Regional aircraft manufacturer ATR has begun preliminary studies into a new two-member turboprop family in the 80- to 90-seat capacity range.

Speaking during the World Air Transport Forum in Cannes, ATR marketing VP Mario Formica said: “Today we are thinking about a new family of turboprops with a capacity of 80 to 90 seats. This is something which we are discussing internally and with the engine manufacturers.

“The study was launched 18 months ago, but we have not commented about it externally because we don’t want to talk to the airlines without something credible. We will survey the market to see what the real requirements are.”

He says ATR would tap parent company Alenia’s technological know-how for the new aircraft family, which would comprise two members and be in direct competition with the regional jet sector.

The new family would not be launched until 2015 at the earliest, once technology from aircraft programmes such as the Airbus A350, A380 and Boeing 787 has been proven.

Formica says: “The most important thing is the engines.
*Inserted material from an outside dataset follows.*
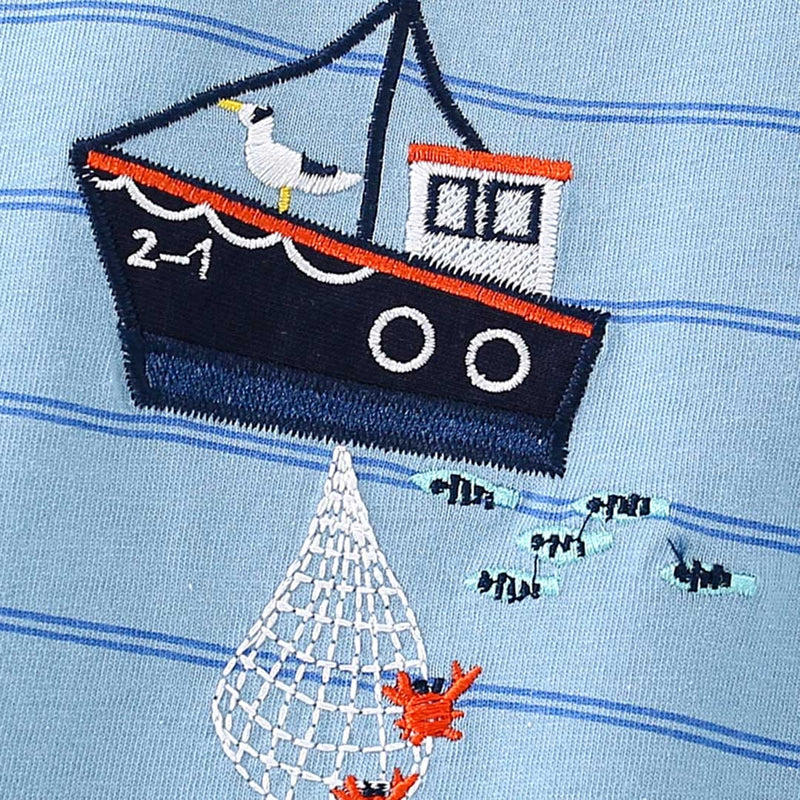 Boys Striped Ship Applique T-Shirt With Shorts Set Sets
We are discussing with Pratt & Whitney and Rolls-Royce about a new-generation engine able to power this next generation of turboprop.
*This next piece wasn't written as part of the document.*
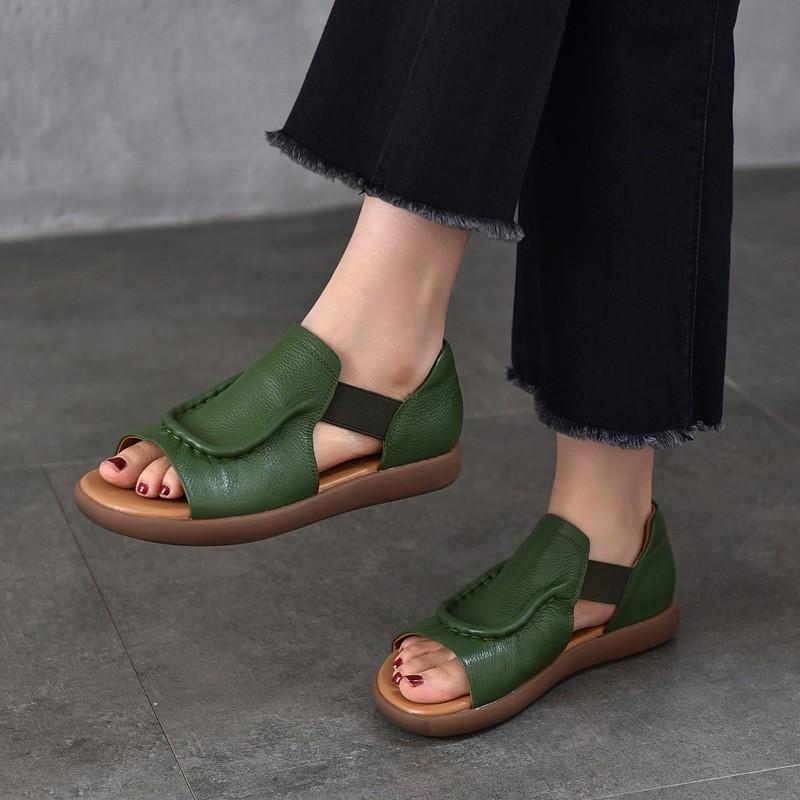 Johnature Απλά Ευέλικτα Σανδάλια Flat Γνήσιο Δέρμα Δέρμα Αγελάδας Διάτρητα με Ανοιχτό Δάχτυλο Γυναικεία Παπούτσια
“If we want to be competitive in [the 80- to 90-seat] segment, we have to maintain the 30% [cost-saving] gap and to keep the gap we would need new technology.”

ATR has just launched its new -600 series. Formica says around 11 airlines, primarily from the USA, have expressed an interest in the -600.

Canadian turboprop manufacturer Bombardier is also working on a stretch of its Q400, dubbed the Q400X, which would add three additional rows to the existing variant.

Bombardier Regional Aircraft international markets and airline analysis director Philippe Poutissou says the Q400X is under internal study, but is still at a fairly early stage.

He says: “We are thinking of a simple programme, compared with the design of a new aircraft. In terms of development, it is an aircraft that I think should be launched in the next few years, but programme deliveries could start in 2011.”